§ Dataset excerpt
╔══

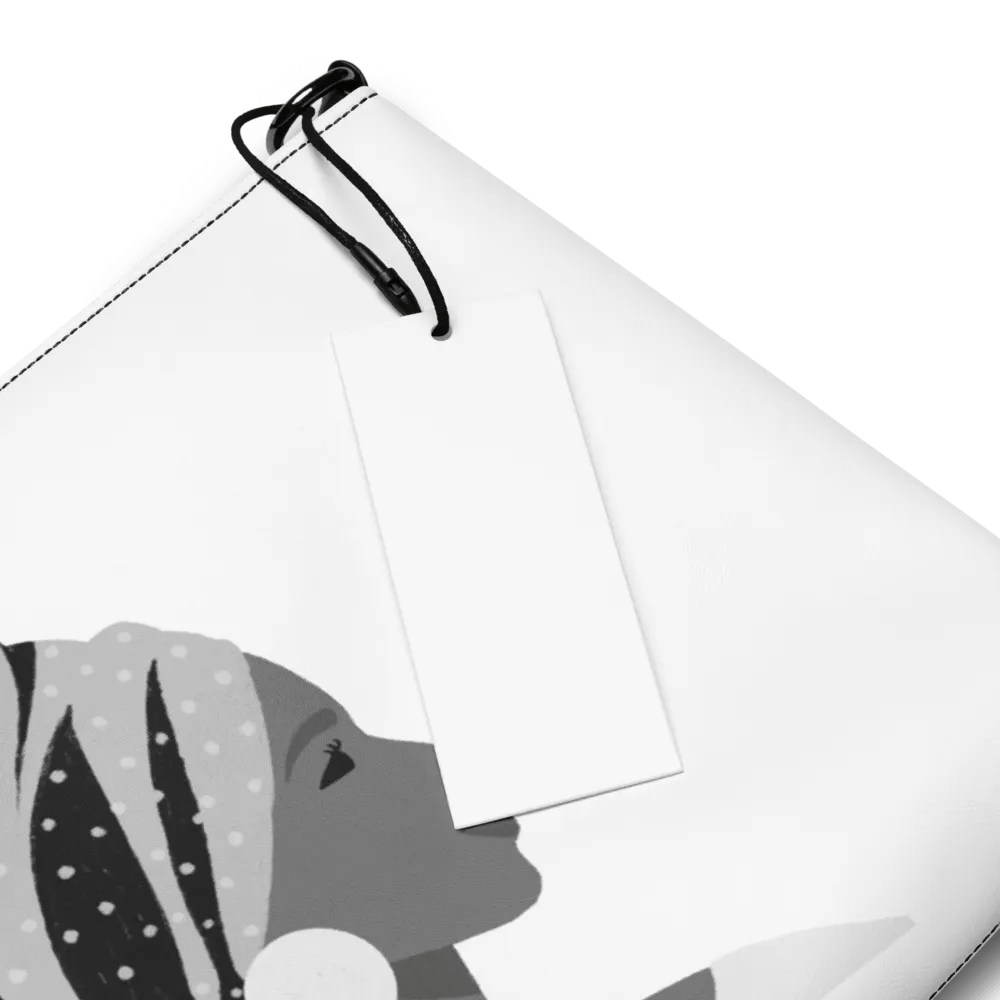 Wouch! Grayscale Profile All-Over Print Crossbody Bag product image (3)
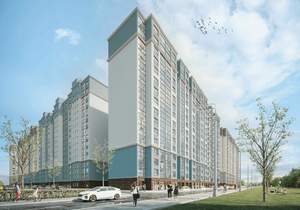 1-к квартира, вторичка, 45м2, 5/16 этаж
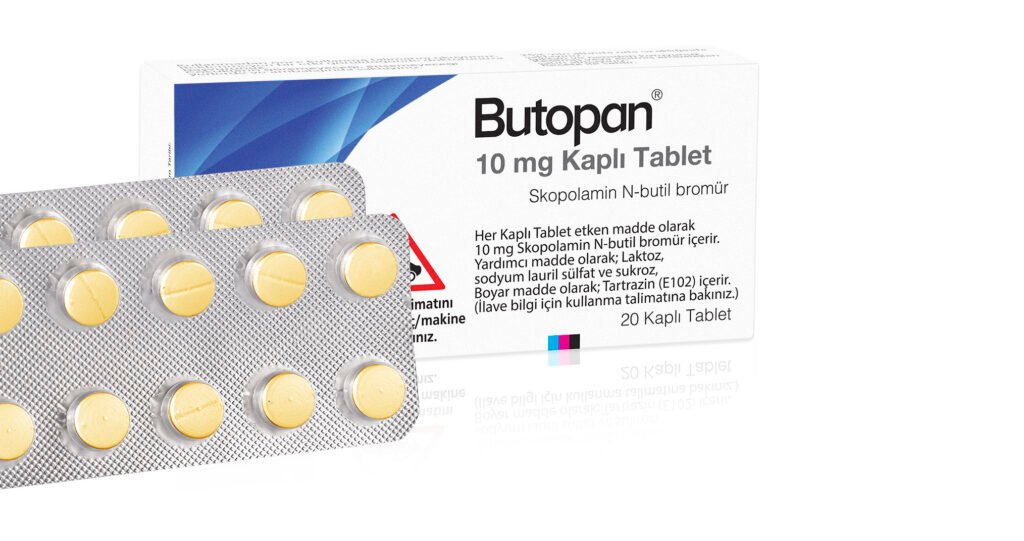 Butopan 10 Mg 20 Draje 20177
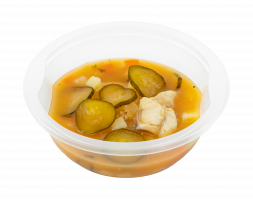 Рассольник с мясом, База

╚══

Could you restate the material word for word, skipping any pictures it holds?

 Wouch! Grayscale Profile All-Over Print Crossbody Bag product image (3)
 1-к квартира, вторичка, 45м2, 5/16 этаж
 Butopan 10 Mg 20 Draje 20177
 Рассольник с мясом, База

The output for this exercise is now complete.